For 'consumer' stuff this usually does not matter, but I think it is one of the reasons (besides revenues) that Nvidia has a 'compute' line and a 'display' line. Even if they're based on the exact same tech it would not surprise me one bit if the safety margins were eroded considerably on the consumer stuff and if it wasn't tested as good before shipping (on the chip level).
ATI would probably be a better example. Nvidia has historically been more precise and has implemented specs pretty faithfully. ATI has of course become AMD, and the reputation of modern AMD graphics cards among developers seems to be pretty great.
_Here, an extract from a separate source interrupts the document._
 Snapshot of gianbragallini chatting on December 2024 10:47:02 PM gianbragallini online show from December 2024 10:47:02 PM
It would surprise me if sending the value 1.0 from a vertex program to fragment program ever resulted in anything except 1.0 on a desktop GPU. It's not unusual to truncate a float in a fragment program and the use the resulting integer as an index. I think Nvidia has a fairly rigorous battery of tests which they use to ensure compliance with specs. The tests check to make sure that values are being interpolated correctly, to check for off-by-one errors at the edges of triangles, and other such corner cases. The tests are automated, because once you implement a graphics spec correctly, you can generate an output image which should be the same every time it's generated. That way, if an error creeps into the driver, it should be caught pretty quickly, since it will cause a deviation in the rendered output examined by the test suite.
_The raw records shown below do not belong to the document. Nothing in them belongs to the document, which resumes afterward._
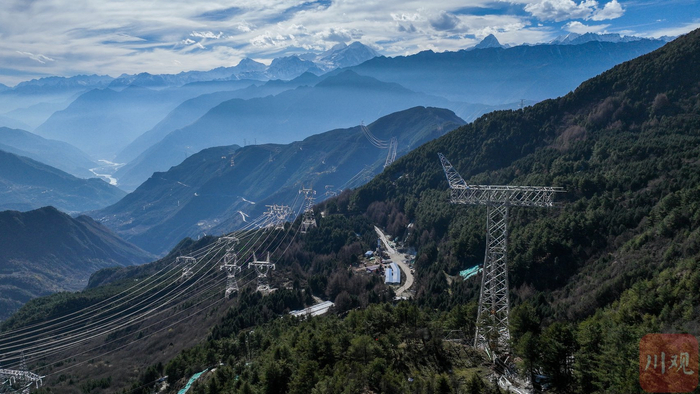 川渝特高压交流工程甘孜-天府南1000千伏线路工程川9标二郎山段。
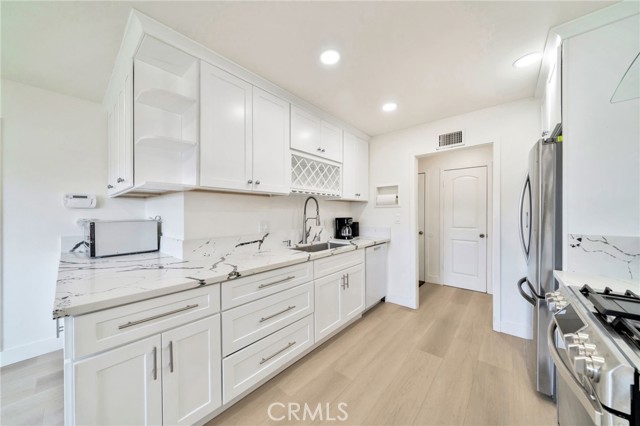 17121 Granada Lane, Huntington Beach CA: https://media.crmls.org/medias/3d7ececb-cc94-402e-8a80-dee5a40decc4.jpg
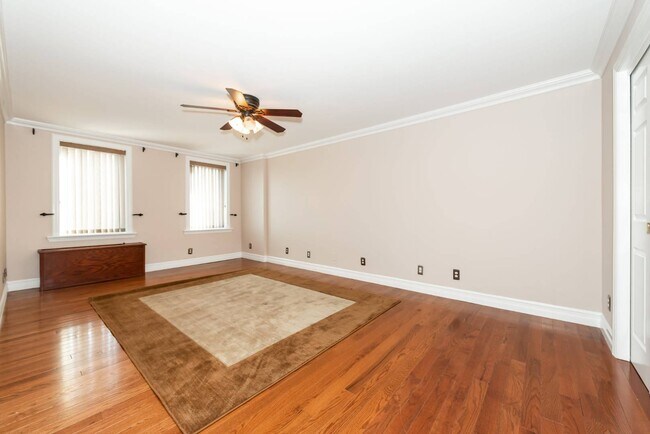 Building Photo - 175 Maple Ave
I'm not sure how often a problem occurs in an Nvidia consumer card but not their 'compute' line. Nvidia tries to use the same driver codebase across as many of their products as possible.
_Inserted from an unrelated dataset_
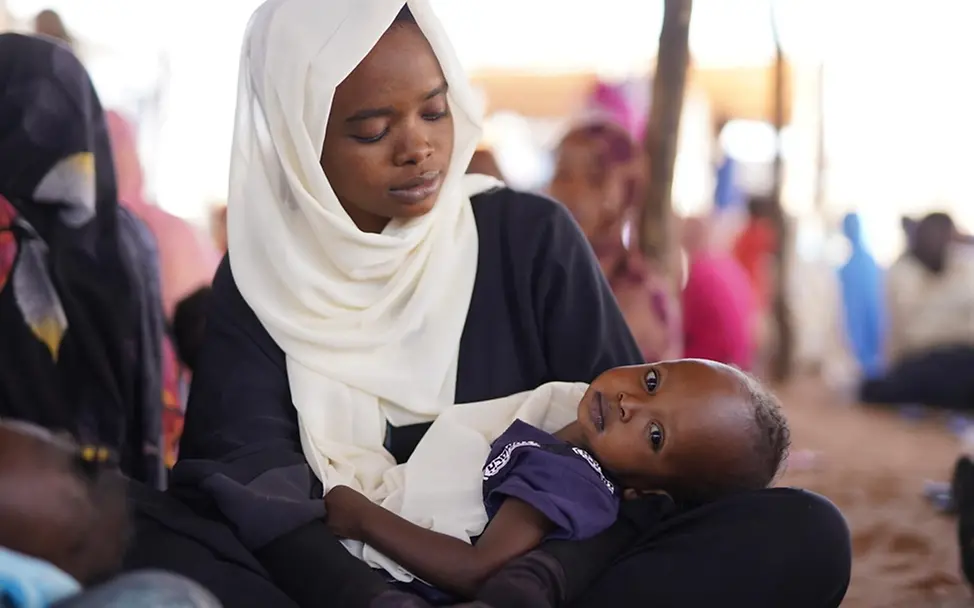 Mangelernährtes Kind in einem von UNICEF unterstützten Ernährungszentrum in Tawila, Nord-Darfur (Sudan).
Here's an interesting thread where someone points out that certain OpenCL code was giving the correct result on x86 and Nvidia cards, but not AMD cards: http://devgurus.amd.com/thread/145582
In that thread, it's suggested that the reason Nvidia gave the correct result was because their CUDA compute specs had better error margins compared to OpenCL specs. So in that case, it would appear that Nvidia's compute line actually enhanced their accuracy in other contexts such as OpenCL. Rather than implement a different driver for OpenCL, CUDA, and consumer graphics, it seems that Nvidia uses the same driver to power all three, which seems to enhance accuracy rather than hinder it.
While writing up this comment and researching this, I stumbled across this interesting paper from 2011 that details exactly what programmers can expect when programming to an Nvidia GPU (in this case using CUDA): https://developer.nvidia.com/sites/default/files/akamai/cuda... ... It's a pretty fun read which helps to solidify the impression that Nvidia cares deeply about providing accurate floating point results.
I also came across this article which was too awesome not to mention: http://randomascii.wordpress.com/2013/07/16/floating-point-d... ... It's not really related to GPU floating point, but it's an excellent exploration of floating point determinism and the effect of various floating point settings.
For mobile graphics stacks like those in cellphones / iPads etc, I share your skepticism. I'm not sure how rigorously tested mobile GPUs are, or how faithfully those stacks adhere to specs. I was hoping to get more info from the original commenter about how to reproduce the bug in the A7 to get a better idea of what to watch out for on mobile.